TASK STATEMENT:
Within the material below, locate the line with "Dooney & Bourke" and the line with "hearing aid battery and hearing aid", then return those two lines and all lines between them, exactly as written.

[[ DATA LISTING, beginning ]]

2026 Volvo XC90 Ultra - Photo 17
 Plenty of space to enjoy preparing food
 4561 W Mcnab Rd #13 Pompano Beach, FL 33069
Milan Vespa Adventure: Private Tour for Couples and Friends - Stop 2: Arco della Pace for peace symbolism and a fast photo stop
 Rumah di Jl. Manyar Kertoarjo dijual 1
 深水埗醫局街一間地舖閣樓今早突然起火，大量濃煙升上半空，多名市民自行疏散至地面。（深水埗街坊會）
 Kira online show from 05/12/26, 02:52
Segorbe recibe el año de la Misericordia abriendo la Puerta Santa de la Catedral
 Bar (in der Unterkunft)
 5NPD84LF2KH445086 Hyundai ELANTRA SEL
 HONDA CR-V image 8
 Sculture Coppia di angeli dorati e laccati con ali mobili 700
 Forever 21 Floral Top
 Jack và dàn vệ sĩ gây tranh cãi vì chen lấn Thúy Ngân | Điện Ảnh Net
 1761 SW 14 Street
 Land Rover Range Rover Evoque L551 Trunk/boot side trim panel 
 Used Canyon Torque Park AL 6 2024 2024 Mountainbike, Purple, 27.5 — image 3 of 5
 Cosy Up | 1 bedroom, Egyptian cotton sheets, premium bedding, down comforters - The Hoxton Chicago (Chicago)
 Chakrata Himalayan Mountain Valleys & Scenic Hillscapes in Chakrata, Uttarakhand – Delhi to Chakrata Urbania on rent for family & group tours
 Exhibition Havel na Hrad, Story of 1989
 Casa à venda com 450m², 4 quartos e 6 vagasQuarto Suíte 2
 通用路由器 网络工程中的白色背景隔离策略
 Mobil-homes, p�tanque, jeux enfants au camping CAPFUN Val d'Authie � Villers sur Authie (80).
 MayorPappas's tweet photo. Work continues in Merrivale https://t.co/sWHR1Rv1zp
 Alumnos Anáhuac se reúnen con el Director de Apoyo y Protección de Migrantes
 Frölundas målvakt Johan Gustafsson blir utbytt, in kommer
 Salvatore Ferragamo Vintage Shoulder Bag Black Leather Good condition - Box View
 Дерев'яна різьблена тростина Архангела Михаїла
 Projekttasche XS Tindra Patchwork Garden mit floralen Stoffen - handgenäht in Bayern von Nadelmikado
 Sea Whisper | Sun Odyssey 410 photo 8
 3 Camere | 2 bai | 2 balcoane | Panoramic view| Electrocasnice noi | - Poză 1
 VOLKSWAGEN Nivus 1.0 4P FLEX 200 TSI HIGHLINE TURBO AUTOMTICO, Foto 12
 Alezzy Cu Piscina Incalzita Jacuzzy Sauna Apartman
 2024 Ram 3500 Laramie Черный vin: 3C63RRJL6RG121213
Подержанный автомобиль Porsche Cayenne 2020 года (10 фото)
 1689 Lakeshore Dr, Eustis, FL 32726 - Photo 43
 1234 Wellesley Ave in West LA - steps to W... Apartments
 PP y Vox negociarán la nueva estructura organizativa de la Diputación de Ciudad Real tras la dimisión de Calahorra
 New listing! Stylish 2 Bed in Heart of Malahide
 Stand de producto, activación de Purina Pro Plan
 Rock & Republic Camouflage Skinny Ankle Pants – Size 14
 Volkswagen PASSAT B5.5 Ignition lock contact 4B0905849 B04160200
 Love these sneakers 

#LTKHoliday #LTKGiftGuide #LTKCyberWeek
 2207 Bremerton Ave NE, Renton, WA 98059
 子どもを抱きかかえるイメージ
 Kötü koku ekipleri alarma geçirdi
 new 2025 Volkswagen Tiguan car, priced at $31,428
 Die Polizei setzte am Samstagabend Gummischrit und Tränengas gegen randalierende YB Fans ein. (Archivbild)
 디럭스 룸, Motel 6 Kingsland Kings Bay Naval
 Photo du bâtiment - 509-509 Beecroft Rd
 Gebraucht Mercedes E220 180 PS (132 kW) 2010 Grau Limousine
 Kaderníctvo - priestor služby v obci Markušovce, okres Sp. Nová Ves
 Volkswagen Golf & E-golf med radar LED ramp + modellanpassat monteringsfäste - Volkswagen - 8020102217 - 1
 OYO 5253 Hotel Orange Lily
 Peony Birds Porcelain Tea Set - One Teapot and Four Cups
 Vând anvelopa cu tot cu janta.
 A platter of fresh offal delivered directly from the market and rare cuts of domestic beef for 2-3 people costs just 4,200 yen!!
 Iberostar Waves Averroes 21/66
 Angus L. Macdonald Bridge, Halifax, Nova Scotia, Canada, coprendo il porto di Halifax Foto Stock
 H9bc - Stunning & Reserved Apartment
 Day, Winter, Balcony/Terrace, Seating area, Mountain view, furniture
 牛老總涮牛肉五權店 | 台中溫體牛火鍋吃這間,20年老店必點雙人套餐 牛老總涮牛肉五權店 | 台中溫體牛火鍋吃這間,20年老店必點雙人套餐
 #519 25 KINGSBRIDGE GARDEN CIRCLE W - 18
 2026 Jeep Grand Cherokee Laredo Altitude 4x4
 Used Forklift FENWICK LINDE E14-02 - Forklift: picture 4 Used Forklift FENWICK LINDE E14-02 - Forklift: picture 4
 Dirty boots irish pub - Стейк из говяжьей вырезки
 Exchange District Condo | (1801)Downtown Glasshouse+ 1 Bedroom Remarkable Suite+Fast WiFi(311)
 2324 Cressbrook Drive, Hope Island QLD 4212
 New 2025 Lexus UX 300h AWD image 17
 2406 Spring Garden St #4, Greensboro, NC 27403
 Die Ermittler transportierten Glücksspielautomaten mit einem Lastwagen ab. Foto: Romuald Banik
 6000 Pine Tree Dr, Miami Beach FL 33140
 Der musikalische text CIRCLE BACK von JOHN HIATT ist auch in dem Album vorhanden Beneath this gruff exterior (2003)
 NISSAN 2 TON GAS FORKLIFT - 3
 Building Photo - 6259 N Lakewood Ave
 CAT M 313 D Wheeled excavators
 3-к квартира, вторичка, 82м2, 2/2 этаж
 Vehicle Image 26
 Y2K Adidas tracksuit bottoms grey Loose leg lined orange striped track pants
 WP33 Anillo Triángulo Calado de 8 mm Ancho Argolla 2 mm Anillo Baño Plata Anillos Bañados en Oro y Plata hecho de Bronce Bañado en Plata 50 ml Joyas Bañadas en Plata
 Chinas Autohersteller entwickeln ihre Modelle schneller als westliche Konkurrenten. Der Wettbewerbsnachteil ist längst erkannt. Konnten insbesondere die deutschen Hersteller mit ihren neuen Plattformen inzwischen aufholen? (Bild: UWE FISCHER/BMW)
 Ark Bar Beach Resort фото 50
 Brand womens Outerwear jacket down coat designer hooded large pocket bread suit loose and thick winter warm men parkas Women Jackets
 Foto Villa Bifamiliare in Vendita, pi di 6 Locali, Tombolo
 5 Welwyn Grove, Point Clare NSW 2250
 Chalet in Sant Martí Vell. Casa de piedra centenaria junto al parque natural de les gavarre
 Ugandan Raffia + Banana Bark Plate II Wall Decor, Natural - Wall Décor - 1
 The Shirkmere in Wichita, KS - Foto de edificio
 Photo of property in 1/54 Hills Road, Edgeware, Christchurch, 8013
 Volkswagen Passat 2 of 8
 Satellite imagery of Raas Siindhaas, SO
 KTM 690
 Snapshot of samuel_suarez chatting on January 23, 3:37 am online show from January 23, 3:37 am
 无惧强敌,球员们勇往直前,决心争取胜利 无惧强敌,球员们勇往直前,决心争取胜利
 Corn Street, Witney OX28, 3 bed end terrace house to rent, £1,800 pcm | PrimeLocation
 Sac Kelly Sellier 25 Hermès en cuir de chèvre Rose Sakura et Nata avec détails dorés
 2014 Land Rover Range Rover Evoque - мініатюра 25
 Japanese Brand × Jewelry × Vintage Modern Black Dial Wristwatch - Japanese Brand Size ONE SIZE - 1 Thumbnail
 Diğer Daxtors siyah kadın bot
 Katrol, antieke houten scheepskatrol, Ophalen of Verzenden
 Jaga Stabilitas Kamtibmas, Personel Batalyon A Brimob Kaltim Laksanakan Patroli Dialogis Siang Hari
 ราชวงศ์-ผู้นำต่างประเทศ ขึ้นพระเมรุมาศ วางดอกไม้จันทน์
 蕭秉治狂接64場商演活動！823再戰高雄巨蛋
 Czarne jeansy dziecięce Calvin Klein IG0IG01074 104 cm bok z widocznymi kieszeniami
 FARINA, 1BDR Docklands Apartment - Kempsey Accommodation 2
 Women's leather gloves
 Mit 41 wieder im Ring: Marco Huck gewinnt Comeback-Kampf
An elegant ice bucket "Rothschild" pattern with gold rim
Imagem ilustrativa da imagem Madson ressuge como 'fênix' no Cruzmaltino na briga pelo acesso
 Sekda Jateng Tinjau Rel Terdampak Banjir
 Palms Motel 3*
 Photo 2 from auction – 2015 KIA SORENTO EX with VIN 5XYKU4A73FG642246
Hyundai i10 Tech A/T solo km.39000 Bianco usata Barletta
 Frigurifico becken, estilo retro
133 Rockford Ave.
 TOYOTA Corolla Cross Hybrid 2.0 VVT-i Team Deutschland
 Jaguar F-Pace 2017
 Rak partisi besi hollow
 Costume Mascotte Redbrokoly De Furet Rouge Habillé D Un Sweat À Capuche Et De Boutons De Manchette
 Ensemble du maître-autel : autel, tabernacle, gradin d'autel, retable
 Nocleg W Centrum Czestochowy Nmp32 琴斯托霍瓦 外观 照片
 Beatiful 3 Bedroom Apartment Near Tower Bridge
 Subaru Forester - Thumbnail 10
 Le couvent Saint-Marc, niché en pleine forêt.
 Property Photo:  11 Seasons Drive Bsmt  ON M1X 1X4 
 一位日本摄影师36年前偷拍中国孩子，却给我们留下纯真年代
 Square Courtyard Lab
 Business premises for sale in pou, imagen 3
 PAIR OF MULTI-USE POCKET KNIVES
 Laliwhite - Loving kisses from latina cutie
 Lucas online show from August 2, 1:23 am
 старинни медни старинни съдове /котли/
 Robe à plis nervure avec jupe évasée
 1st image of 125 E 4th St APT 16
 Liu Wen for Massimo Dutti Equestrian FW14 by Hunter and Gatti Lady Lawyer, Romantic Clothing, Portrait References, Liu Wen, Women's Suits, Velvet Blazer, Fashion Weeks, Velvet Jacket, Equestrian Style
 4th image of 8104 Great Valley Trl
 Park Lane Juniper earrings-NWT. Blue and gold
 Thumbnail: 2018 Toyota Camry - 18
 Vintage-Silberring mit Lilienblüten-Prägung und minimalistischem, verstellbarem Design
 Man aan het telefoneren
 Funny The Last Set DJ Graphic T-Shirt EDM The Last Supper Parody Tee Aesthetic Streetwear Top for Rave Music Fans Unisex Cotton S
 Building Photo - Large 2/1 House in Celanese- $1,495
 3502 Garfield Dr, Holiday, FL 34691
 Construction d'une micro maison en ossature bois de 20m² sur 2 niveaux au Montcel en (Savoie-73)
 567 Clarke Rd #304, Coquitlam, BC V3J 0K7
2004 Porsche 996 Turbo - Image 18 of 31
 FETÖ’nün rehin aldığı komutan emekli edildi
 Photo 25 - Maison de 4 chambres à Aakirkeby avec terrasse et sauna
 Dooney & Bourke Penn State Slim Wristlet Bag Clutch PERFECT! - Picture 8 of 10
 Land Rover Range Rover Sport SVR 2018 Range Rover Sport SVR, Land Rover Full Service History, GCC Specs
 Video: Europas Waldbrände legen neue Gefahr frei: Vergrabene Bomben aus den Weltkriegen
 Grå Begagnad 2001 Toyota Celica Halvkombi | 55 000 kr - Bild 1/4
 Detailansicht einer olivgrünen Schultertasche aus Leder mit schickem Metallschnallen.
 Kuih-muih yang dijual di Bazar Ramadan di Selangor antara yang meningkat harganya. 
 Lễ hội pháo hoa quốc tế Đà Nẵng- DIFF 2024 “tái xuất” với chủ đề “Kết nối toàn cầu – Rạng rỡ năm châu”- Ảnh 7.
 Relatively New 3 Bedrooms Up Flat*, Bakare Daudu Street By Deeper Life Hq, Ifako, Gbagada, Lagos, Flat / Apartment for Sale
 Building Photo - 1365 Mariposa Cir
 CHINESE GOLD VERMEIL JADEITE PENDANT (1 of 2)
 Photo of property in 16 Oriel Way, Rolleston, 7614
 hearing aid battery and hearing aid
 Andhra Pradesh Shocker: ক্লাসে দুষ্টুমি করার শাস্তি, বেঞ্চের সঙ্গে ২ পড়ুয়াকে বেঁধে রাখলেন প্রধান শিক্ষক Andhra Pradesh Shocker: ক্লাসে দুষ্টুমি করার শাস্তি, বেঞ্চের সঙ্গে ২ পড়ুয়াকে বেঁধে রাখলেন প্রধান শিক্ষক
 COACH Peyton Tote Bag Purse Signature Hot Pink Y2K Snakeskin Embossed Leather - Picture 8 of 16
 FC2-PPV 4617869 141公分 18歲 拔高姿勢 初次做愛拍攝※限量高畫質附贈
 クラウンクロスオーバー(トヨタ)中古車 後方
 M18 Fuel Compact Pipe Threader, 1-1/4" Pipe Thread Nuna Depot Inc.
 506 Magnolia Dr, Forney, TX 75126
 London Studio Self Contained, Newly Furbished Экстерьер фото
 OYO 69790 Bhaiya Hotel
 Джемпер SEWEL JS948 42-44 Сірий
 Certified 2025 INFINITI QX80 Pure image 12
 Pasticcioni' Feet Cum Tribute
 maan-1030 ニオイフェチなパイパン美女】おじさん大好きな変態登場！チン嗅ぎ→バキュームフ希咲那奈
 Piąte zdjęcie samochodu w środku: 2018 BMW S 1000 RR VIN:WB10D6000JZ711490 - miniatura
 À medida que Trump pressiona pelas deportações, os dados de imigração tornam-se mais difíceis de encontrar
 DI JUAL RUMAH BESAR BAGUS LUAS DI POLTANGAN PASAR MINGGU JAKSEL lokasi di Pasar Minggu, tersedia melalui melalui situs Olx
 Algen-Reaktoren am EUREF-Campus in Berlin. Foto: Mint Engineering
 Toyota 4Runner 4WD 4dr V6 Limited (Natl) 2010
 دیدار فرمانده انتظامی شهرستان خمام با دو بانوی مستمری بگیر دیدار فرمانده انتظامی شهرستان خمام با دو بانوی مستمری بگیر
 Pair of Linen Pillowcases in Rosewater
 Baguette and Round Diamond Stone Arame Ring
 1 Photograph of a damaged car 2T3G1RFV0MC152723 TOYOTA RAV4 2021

[[ DATA LISTING, end ]]

RESPONSE TO THIS TASK:
 Dooney & Bourke Penn State Slim Wristlet Bag Clutch PERFECT! - Picture 8 of 10
 Land Rover Range Rover Sport SVR 2018 Range Rover Sport SVR, Land Rover Full Service History, GCC Specs
 Video: Europas Waldbrände legen neue Gefahr frei: Vergrabene Bomben aus den Weltkriegen
 Grå Begagnad 2001 Toyota Celica Halvkombi | 55 000 kr - Bild 1/4
 Detailansicht einer olivgrünen Schultertasche aus Leder mit schickem Metallschnallen.
 Kuih-muih yang dijual di Bazar Ramadan di Selangor antara yang meningkat harganya. 
 Lễ hội pháo hoa quốc tế Đà Nẵng- DIFF 2024 “tái xuất” với chủ đề “Kết nối toàn cầu – Rạng rỡ năm châu”- Ảnh 7.
 Relatively New 3 Bedrooms Up Flat*, Bakare Daudu Street By Deeper Life Hq, Ifako, Gbagada, Lagos, Flat / Apartment for Sale
 Building Photo - 1365 Mariposa Cir
 CHINESE GOLD VERMEIL JADEITE PENDANT (1 of 2)
 Photo of property in 16 Oriel Way, Rolleston, 7614
 hearing aid battery and hearing aid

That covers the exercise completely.